# ABOUT THIS TASK
Verbatim copy without images: return all of the data as it stands.

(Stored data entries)
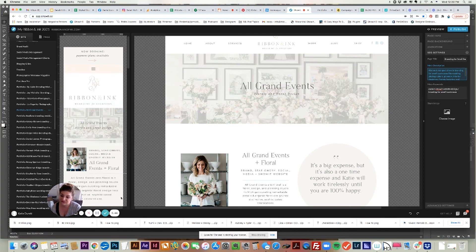Those are the three different types of galleries and how you use them and set them up. Thanks for tuning in this week to learn about all the different gallery options for your ShowIt website. I'm looking forward to another tutorial next week, so make sure you subscribe and let me know in the comments what video topics you want to see.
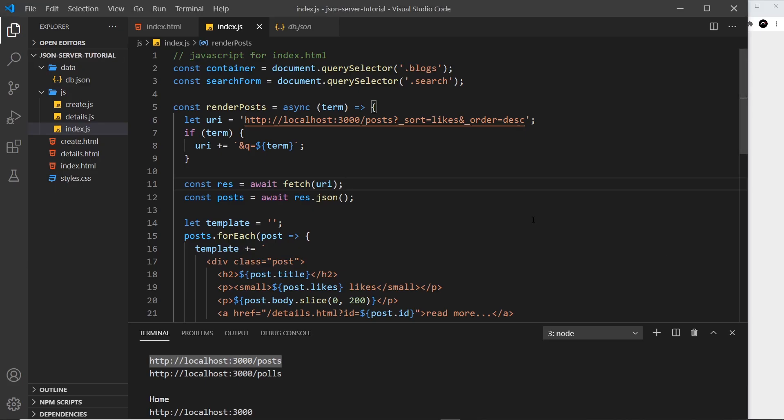Hopefully you can see how easy it is to set up a local JSON server for testing, prototyping, and learning. I use this a lot in my projects and tutorials because it's really easy to set up and run with. Definitely check out the docs if you want to find out more about advanced features such as pagination and data relationships — that link will be down below in the description.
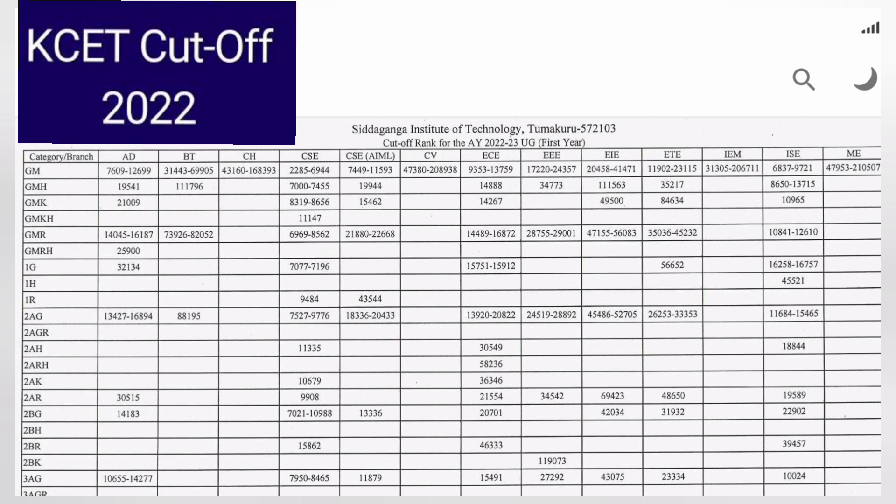For example, in General Merit (GM), the Computer Science (CSE) branch shows an opening rank of 2285 and a closing rank of 6944. So students with a rank around 6900 can get Computer Science Engineering. If your rank is below 6944, say 7000, look at the last two columns.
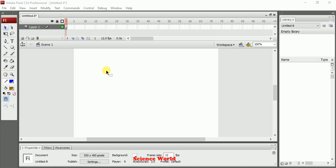Hello friends, my name is Mukesh Bargujar. Now we are looking at shape tween and motion tween. These both are the twins, so we will see how to use them and when to use which one — when to use a shape tween and when to use a motion tween.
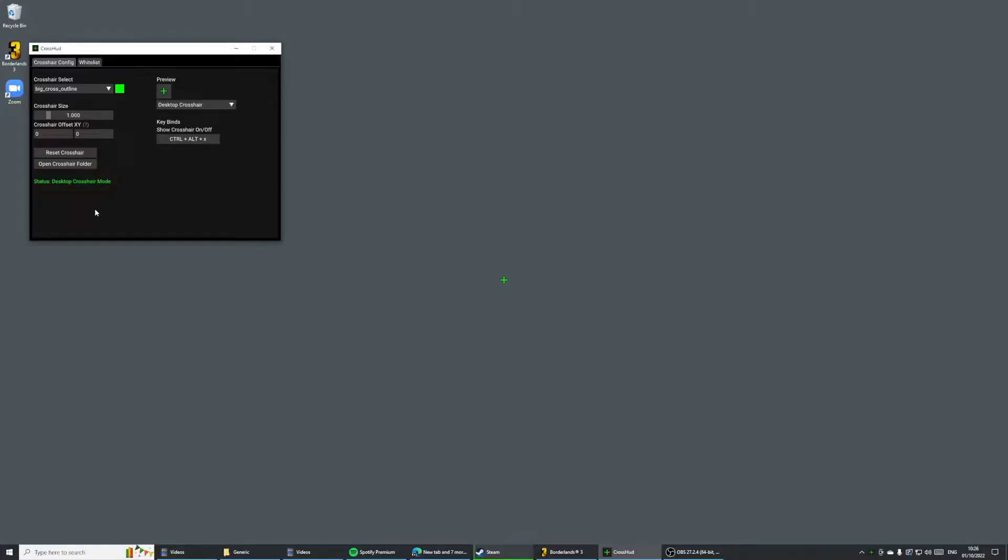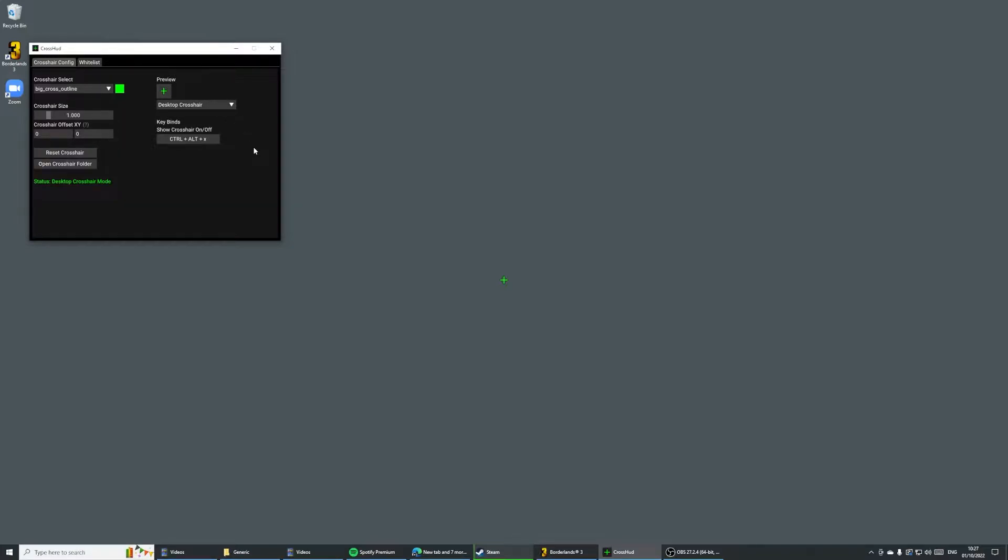Crosshood allows you to use any custom crosshair in any PC game that you want. By default, we turn on Desktop Crosshair Mode, which is the most compatible feature. You can also switch it to Fullscreen Mode, which will basically enable the overlay for a lot of fullscreen games.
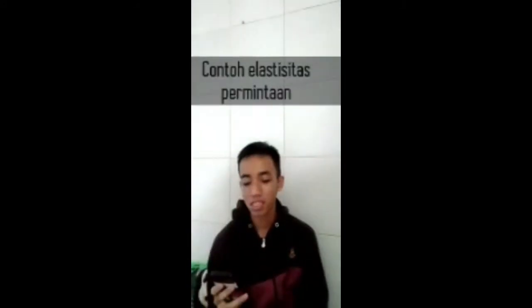Baiklah, selanjutnya adalah contoh elastisitas permintaan. Elastisitas permintaan mengukur seberapa besar perbandingan permintaan barang terhadap perubahan harga. Ketika harga sebuah barang turun, jumlah permintaan terhadap barang tersebut biasanya naik. Elastisitas permintaan ditunjukkan dengan persentase perubahan jumlah permintaan dibagi persentase perubahan harga. Ketika elastisitas permintaan suatu barang menunjukkan nilai lebih dari 1, maka permintaan terhadap barang tersebut dikatakan elastis. Sementara itu, barang dengan nilai elastisitas kurang dari 1 disebut barang inelastis.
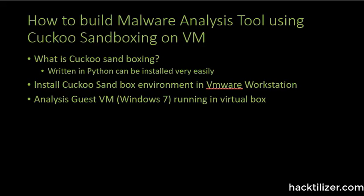Yes, in this module here, I'm going to be showing you how to build the malware analysis tools using Cuckoo sandboxing on the VMware environment.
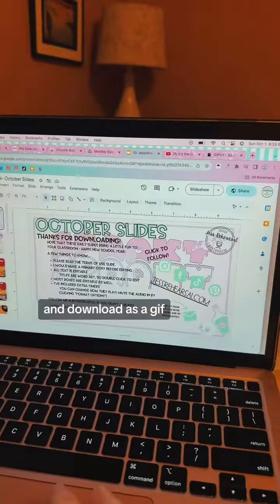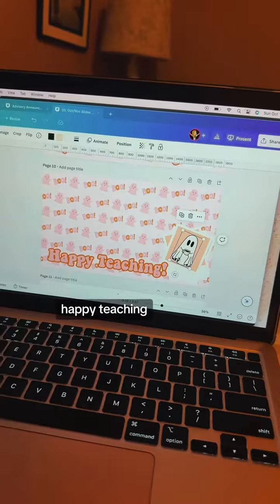I go over to Google Slides, open the theme editor, and I drag that picture right in. And there's my little boo thing. Happy teaching!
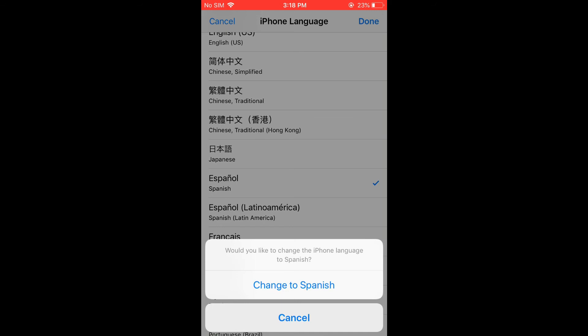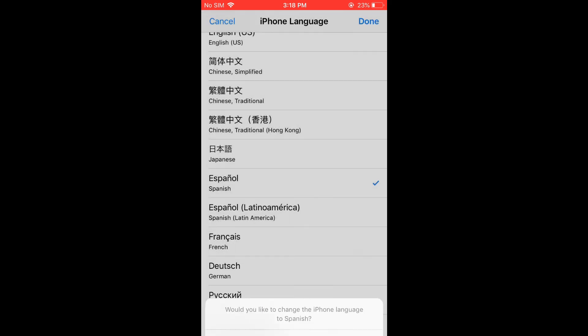And once you have changed the language to Spanish, it will automatically change the language on your Facebook Messenger app. Hope you found this video helpful and informative on how to change language on Facebook Messenger on iPhone.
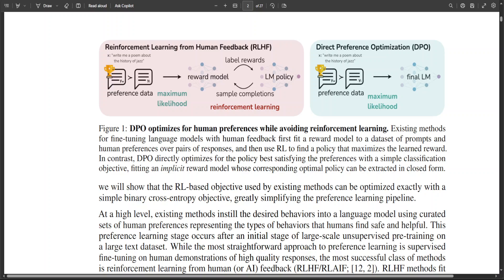Aligning large language models with human preferences is key for the quality of that LLM. There are various techniques which have evolved over the years to align these LLMs. One of the most popular ones was reinforcement learning from human feedback, but recently there have been three to four options which are very rapidly replacing RLHF. In this video I am going to introduce you to four of them.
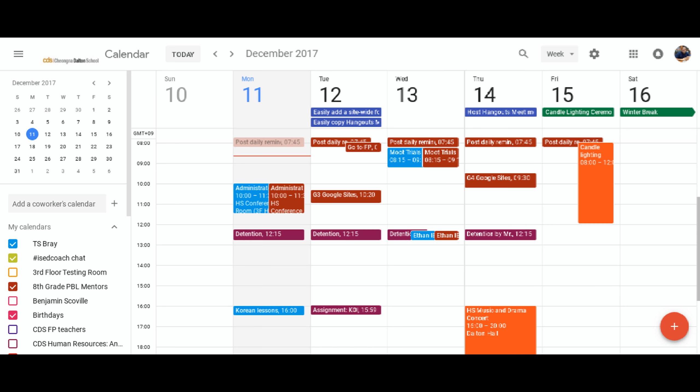The downside is it kind of makes it so you don't want to use your calendar for anything personal because everybody at CDS could potentially see it. Here's how to get around that problem.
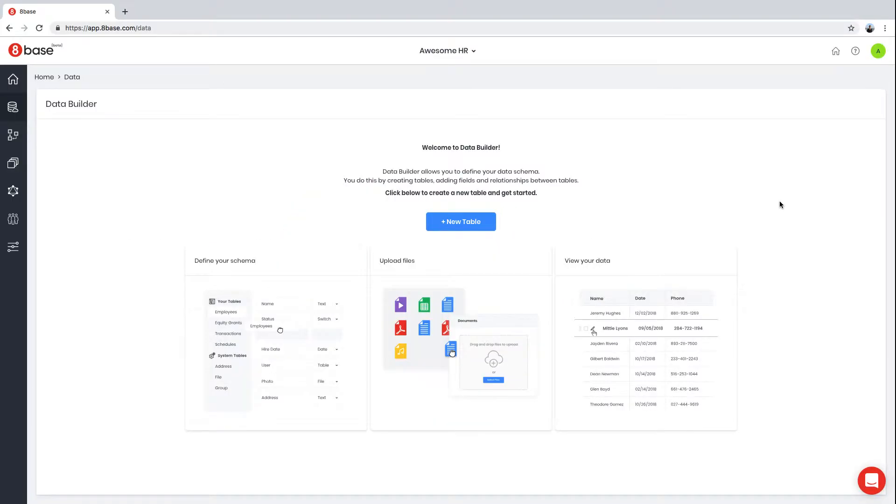In this video, I'm going to show you how to use 8Base Data Builder. Data Builder makes it easy to define your application data model, create tables, fields, and relationships between tables.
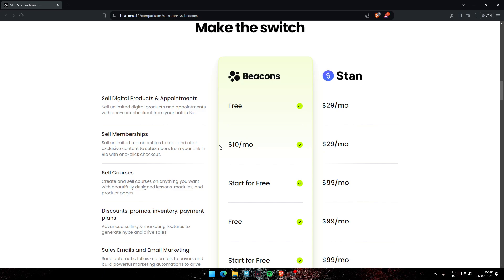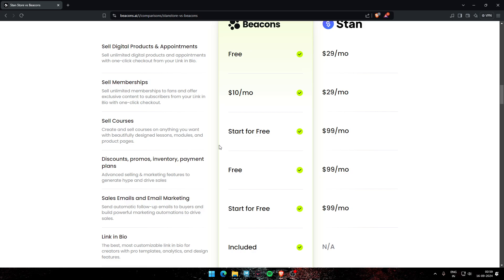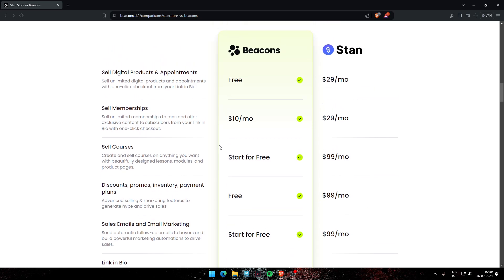On the other hand, Stan charges $99 per month for payment plans. If we talk about sales emails and email marketing, Beacons starts for free while Stan charges $99 per month. I hope you liked this video — don't forget to subscribe to our channel. Thank you and have a nice day.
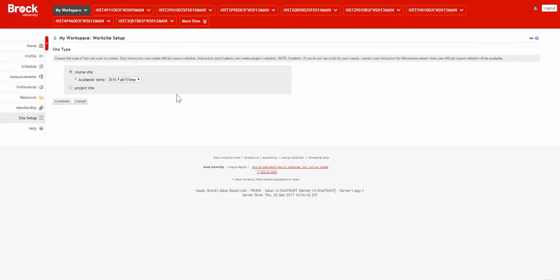A course site is a standard course site into which students will be automatically loaded based on the official enrollment records established by the Registrar.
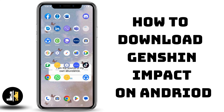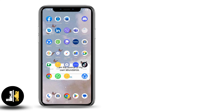How to download Jensen Impact on Android. Hey everyone, let's get started. If you want to download and install this game on your device, first of all you have to go to your Play Store or App Store.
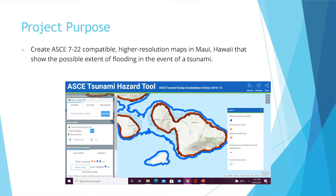What that basically means is that I created high-resolution maps showing the possible extent of flooding for tsunamis in the event of kind of the worst case scenario, or the most probable tsunami that would happen. Down below in that big picture, that's showing the current 2016 maps, which are going to be out of date once 2022 happens — these are the older maps and what they look like.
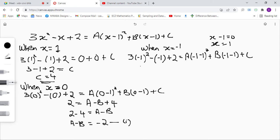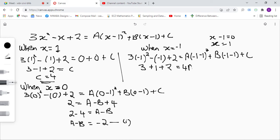Negative 1 squared is 1, times 3 gives us 3. Negative and negative make positive, so we have 3 plus 1 plus 2 on the left. On the right: negative 1 minus 1 is negative 2, negative 2 squared is positive 4, so 4 times a gives us 4a. Then negative 1 minus 1 is negative 2, times b gives us negative 2b. Plus c, which is 4.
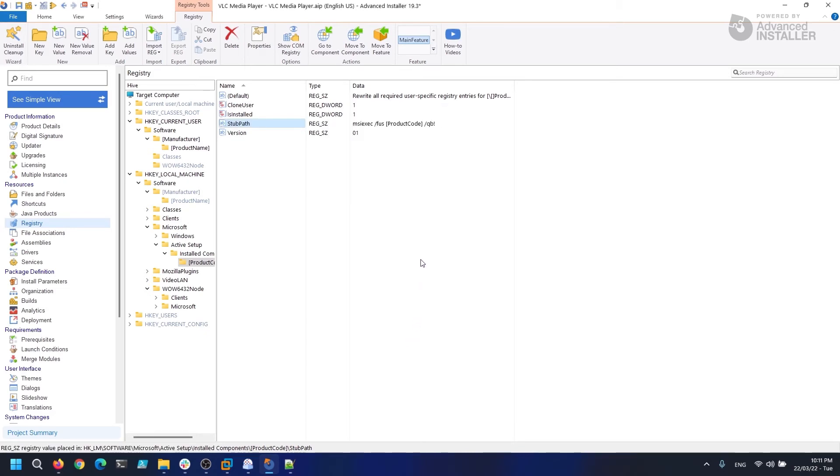But when we uninstall the application, we should also delete the current user registry that Active Setup creates. Otherwise, if the user reinstalls the application and deletes the VLC settings file, we will never receive them again.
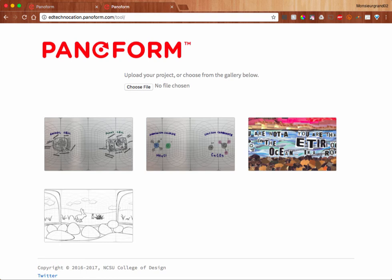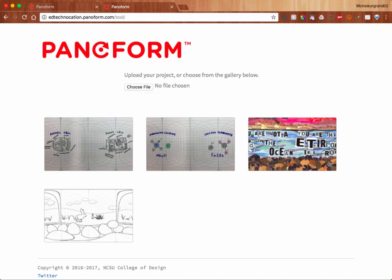And you can always come back and revisit these sketches or drawings and upload new ones. This is a great idea if you want to create a Panaform channel for your school or classroom, or even have your students create their own Panaform channels to save their own work.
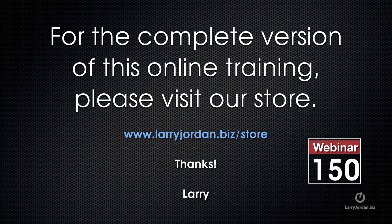This has been an excerpt of a recent Power Up webinar taking a look at how to repair still images inside Photoshop CC. For the complete version of this online training, please visit our store at LarryJordan.biz/store and look for Webinar 150.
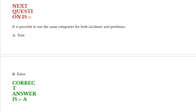It is possible to use the same categories for both incidents and problems. Options are true or false. Correct answer is true.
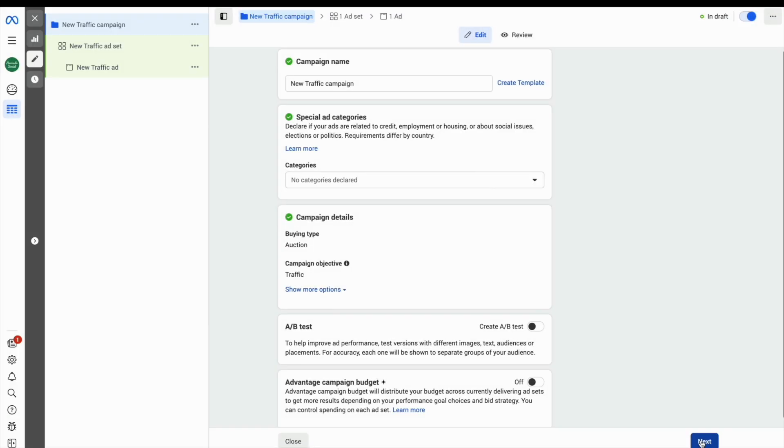When selecting a campaign, you first of all need to give your campaign a name and check you've selected the right objective. In this case, the objective is a traffic campaign, so looking for more website visitors.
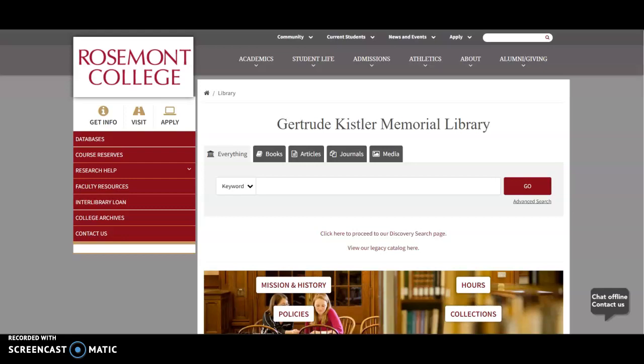Hi, I'm Elizabeth Davis, one of the librarians at the Gertrude Kistler Memorial Library. In this video I'll go over how to access our online databases when you're at home.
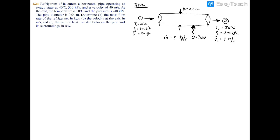Here we have our schematic — R134A entering and exiting, our pipe diameter, our givens on both sides, and we're looking for our mass flow rate, our heat transfer, as well as our velocity at exit point two.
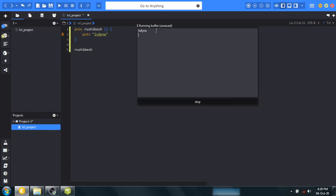In this way we learn how to use functions in TCL program language and we got output LSDyna. So thank you, keep watching. Let's see my next video, video number 7, for more updates. Thank you.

# RESPONSE BELOW
Those are the three different types of galleries and how you use them and set them up. Thanks for tuning in this week to learn about all the different gallery options for your ShowIt website. I'm looking forward to another tutorial next week, so make sure you subscribe and let me know in the comments what video topics you want to see.
Hopefully you can see how easy it is to set up a local JSON server for testing, prototyping, and learning. I use this a lot in my projects and tutorials because it's really easy to set up and run with. Definitely check out the docs if you want to find out more about advanced features such as pagination and data relationships — that link will be down below in the description.
For example, in General Merit (GM), the Computer Science (CSE) branch shows an opening rank of 2285 and a closing rank of 6944. So students with a rank around 6900 can get Computer Science Engineering. If your rank is below 6944, say 7000, look at the last two columns.
Hello friends, my name is Mukesh Bargujar. Now we are looking at shape tween and motion tween. These both are the twins, so we will see how to use them and when to use which one — when to use a shape tween and when to use a motion tween.
Crosshood allows you to use any custom crosshair in any PC game that you want. By default, we turn on Desktop Crosshair Mode, which is the most compatible feature. You can also switch it to Fullscreen Mode, which will basically enable the overlay for a lot of fullscreen games.
Baiklah, selanjutnya adalah contoh elastisitas permintaan. Elastisitas permintaan mengukur seberapa besar perbandingan permintaan barang terhadap perubahan harga. Ketika harga sebuah barang turun, jumlah permintaan terhadap barang tersebut biasanya naik. Elastisitas permintaan ditunjukkan dengan persentase perubahan jumlah permintaan dibagi persentase perubahan harga. Ketika elastisitas permintaan suatu barang menunjukkan nilai lebih dari 1, maka permintaan terhadap barang tersebut dikatakan elastis. Sementara itu, barang dengan nilai elastisitas kurang dari 1 disebut barang inelastis.
Yes, in this module here, I'm going to be showing you how to build the malware analysis tools using Cuckoo sandboxing on the VMware environment.
I go over to Google Slides, open the theme editor, and I drag that picture right in. And there's my little boo thing. Happy teaching!
And once you have changed the language to Spanish, it will automatically change the language on your Facebook Messenger app. Hope you found this video helpful and informative on how to change language on Facebook Messenger on iPhone.
Aligning large language models with human preferences is key for the quality of that LLM. There are various techniques which have evolved over the years to align these LLMs. One of the most popular ones was reinforcement learning from human feedback, but recently there have been three to four options which are very rapidly replacing RLHF. In this video I am going to introduce you to four of them.
The downside is it kind of makes it so you don't want to use your calendar for anything personal because everybody at CDS could potentially see it. Here's how to get around that problem.
In this video, I'm going to show you how to use 8Base Data Builder. Data Builder makes it easy to define your application data model, create tables, fields, and relationships between tables.
On the other hand, Stan charges $99 per month for payment plans. If we talk about sales emails and email marketing, Beacons starts for free while Stan charges $99 per month. I hope you liked this video — don't forget to subscribe to our channel. Thank you and have a nice day.
A course site is a standard course site into which students will be automatically loaded based on the official enrollment records established by the Registrar.
How to download Jensen Impact on Android. Hey everyone, let's get started. If you want to download and install this game on your device, first of all you have to go to your Play Store or App Store.
What that basically means is that I created high-resolution maps showing the possible extent of flooding for tsunamis in the event of kind of the worst case scenario, or the most probable tsunami that would happen. Down below in that big picture, that's showing the current 2016 maps, which are going to be out of date once 2022 happens — these are the older maps and what they look like.
Negative 1 squared is 1, times 3 gives us 3. Negative and negative make positive, so we have 3 plus 1 plus 2 on the left. On the right: negative 1 minus 1 is negative 2, negative 2 squared is positive 4, so 4 times a gives us 4a. Then negative 1 minus 1 is negative 2, times b gives us negative 2b. Plus c, which is 4.
But when we uninstall the application, we should also delete the current user registry that Active Setup creates. Otherwise, if the user reinstalls the application and deletes the VLC settings file, we will never receive them again.
And you can always come back and revisit these sketches or drawings and upload new ones. This is a great idea if you want to create a Panaform channel for your school or classroom, or even have your students create their own Panaform channels to save their own work.
This has been an excerpt of a recent Power Up webinar taking a look at how to repair still images inside Photoshop CC. For the complete version of this online training, please visit our store at LarryJordan.biz/store and look for Webinar 150.
It is possible to use the same categories for both incidents and problems. Options are true or false. Correct answer is true.
When selecting a campaign, you first of all need to give your campaign a name and check you've selected the right objective. In this case, the objective is a traffic campaign, so looking for more website visitors.
Hi, I'm Elizabeth Davis, one of the librarians at the Gertrude Kistler Memorial Library. In this video I'll go over how to access our online databases when you're at home.
Here we have our schematic — R134A entering and exiting, our pipe diameter, our givens on both sides, and we're looking for our mass flow rate, our heat transfer, as well as our velocity at exit point two.
In this way we learn how to use functions in TCL program language and we got output LSDyna. So thank you, keep watching. Let's see my next video, video number 7, for more updates. Thank you.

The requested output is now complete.